I support family sharing across three of my apps. Ticking the box in App Store Connect is not enough, you also need the right client-side setup. On top of that there’s subscription group discipline. Get it right early and you save yourself a lot of complexity later.
What a subscription group is
A subscription group can hold multiple plans. Only one plan is active at any time. Users can upgrade or downgrade between plans and Apple handles proration. For example:
Group: Premium
├── Monthly Basic (9.99)
├── Monthly Pro (19.99)
├── Yearly Basic (89.99)
└── Yearly Pro (189.99)A user on Monthly Basic can upgrade to Yearly Pro. Apple deducts the remaining Monthly Basic balance from the Yearly Pro charge.
One group or many
If it makes sense for a user to hold two subscriptions at once, use two groups. Example: Cloud Storage plus Pro features. They can be independent, a user can subscribe to both.
If they’re dependent, one group. Example: Free, Basic, Pro tiers. A user should only ever hold one.
I got this wrong on my first app. I made Pro and a Premium Addon into two plans in the same group. When a Pro user wanted to move to Premium, Pro got cancelled and Premium went active, and the intersection of the two feature sets was simply lost. Fixing it meant splitting them into two separate subscription groups and migrating existing users. That took two months.
The family sharing toggle
On the product page in App Store Connect there’s a “Family Sharing” toggle. Flip it on and Apple does the heavy lifting: if the family organizer buys the subscription, every family member gets access. But you need to understand what that implies on the client.

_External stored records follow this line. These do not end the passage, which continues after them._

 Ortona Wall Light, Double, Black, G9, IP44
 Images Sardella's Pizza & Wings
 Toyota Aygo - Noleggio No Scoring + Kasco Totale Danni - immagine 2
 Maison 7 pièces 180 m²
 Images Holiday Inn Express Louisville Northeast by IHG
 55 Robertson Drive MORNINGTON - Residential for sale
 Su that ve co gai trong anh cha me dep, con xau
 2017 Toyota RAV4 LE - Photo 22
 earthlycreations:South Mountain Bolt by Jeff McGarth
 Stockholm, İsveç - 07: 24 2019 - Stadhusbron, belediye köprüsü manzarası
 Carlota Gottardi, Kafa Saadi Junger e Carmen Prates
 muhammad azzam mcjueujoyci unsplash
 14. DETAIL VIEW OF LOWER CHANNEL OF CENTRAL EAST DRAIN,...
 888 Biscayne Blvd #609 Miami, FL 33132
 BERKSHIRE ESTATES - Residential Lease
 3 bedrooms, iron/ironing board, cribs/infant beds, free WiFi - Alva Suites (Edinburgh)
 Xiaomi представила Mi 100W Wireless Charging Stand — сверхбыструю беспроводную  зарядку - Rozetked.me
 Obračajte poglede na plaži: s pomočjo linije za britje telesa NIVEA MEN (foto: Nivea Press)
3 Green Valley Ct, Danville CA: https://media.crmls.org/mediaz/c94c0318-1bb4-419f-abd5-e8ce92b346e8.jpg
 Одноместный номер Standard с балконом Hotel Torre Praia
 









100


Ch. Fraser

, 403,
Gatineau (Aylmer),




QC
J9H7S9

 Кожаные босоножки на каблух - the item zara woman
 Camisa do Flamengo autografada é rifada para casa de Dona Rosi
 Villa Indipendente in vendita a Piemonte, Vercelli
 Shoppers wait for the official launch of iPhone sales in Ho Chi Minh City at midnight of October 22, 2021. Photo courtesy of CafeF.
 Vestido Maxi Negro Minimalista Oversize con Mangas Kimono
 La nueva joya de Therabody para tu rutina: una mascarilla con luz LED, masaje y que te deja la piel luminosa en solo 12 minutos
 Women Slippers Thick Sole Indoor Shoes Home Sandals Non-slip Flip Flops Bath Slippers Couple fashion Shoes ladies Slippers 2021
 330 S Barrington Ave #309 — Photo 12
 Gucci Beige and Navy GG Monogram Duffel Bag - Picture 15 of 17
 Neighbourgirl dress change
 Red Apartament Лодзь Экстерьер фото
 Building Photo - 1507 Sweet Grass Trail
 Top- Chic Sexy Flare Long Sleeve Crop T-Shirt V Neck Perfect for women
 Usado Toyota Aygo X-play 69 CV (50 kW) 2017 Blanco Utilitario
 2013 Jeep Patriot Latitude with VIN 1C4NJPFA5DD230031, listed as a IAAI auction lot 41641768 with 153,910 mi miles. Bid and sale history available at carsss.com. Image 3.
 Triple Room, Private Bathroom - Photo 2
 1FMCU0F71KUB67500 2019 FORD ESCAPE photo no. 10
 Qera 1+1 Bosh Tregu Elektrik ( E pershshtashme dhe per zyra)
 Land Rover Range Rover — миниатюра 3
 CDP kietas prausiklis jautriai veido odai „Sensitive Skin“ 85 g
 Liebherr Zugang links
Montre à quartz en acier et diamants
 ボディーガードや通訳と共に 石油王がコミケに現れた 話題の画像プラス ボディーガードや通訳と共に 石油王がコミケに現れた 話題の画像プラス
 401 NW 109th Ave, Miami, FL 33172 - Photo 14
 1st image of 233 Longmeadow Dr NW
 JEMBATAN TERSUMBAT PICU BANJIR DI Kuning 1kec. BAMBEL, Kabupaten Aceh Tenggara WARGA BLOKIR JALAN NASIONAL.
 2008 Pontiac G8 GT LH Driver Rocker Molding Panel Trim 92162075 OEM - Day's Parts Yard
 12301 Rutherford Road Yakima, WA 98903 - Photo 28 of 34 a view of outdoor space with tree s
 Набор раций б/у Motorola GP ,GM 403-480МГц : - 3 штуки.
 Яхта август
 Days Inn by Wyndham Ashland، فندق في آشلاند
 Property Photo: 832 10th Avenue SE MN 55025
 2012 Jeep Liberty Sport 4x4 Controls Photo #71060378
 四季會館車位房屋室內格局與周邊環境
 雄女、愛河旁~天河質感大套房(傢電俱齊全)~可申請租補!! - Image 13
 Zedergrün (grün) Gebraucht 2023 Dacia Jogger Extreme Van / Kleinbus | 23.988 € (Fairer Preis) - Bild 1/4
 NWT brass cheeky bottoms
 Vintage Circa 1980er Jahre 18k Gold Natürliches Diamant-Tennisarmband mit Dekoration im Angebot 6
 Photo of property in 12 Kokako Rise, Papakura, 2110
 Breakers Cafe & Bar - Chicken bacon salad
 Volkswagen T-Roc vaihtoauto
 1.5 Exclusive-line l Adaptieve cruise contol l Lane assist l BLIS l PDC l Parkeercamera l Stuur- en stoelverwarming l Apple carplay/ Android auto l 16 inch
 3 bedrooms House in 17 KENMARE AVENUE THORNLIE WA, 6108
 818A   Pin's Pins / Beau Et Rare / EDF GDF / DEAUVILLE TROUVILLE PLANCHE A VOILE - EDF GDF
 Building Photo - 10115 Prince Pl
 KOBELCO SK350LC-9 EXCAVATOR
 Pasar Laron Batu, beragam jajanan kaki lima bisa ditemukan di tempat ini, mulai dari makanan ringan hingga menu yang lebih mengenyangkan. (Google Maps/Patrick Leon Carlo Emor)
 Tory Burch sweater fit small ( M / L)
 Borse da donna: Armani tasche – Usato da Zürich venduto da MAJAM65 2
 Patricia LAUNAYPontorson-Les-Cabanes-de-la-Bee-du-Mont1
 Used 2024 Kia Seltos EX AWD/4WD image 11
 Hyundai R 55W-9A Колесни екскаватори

Entitlement check: who’s the owner, who’s the member
import StoreKit
func checkEntitlement() async {
for await result in Transaction.currentEntitlements {
guard case .verified(let transaction) = result else { continue }
let isOwner = transaction.ownershipType == .purchased
let isFamilyMember = transaction.ownershipType == .familyShared
// ...
}
}When ownershipType == .familyShared, the user has access through the family. You may want to gate certain features behind owner status, for example only the organizer should be able to manage the subscription.
Analytics: family vs owner
Are you counting family members as separate users? If so, your MRR numbers break. My approach: count a family member as an active user, but attribute revenue only to the owner. On the server I keep a family_member_of field.
Family sharing is hard to test
You need to create a real Apple family account and sandbox-test. Adding a family member in sandbox is painful because of restrictions. What I did: on my own real family account, I installed the app on an iPad used only for this purpose and tested there. As close to production as you can get before TestFlight.
Refund and family: the tricky bits
If the family organizer gets a refund, access for every family member does not drop instantly. Apple sets a revocation_date on the receipt, but the change takes a few minutes to reach the client. My approach: keep the Transaction.updates listener running, and the moment revocation arrives, update local entitlement state and refresh the UI:
Task {
for await result in Transaction.updates {
guard case .verified(let tx) = result else { continue }
if tx.revocationDate != nil {
// downgrade the user
await appState.revokeEntitlement(for: tx.productID)
}
}
}Subscription status change notifications
Apple Store Server Notifications feed the backend too. I listen for events like DID_FAIL_TO_RENEW, GRACE_PERIOD_EXPIRED, and REVOKE. When the backend gets one:
- I don’t send push notifications to family members, they don’t know about the subscription state and it would feel like spam
- Only the organizer gets the notification
- Family members’ local cache updates on their next app launch
Pitfall: owner-only settings
If the “Manage Subscription” button in Settings is visible to a family member, the system modal opens but the member can’t cancel, the organizer owns the billing. It confuses users. On a family member I hide the button and show “Contact your organizer” instead.
Closing advice
Family sharing is not “tick it in App Store Connect and forget”. Test it on your own family account for at least three days. Write your entitlement code against the familyShared key-path. Handle refunds and revocation through the updates listener. Done right, family users are accounted for. Done wrong, access can linger for two or three days after a refund.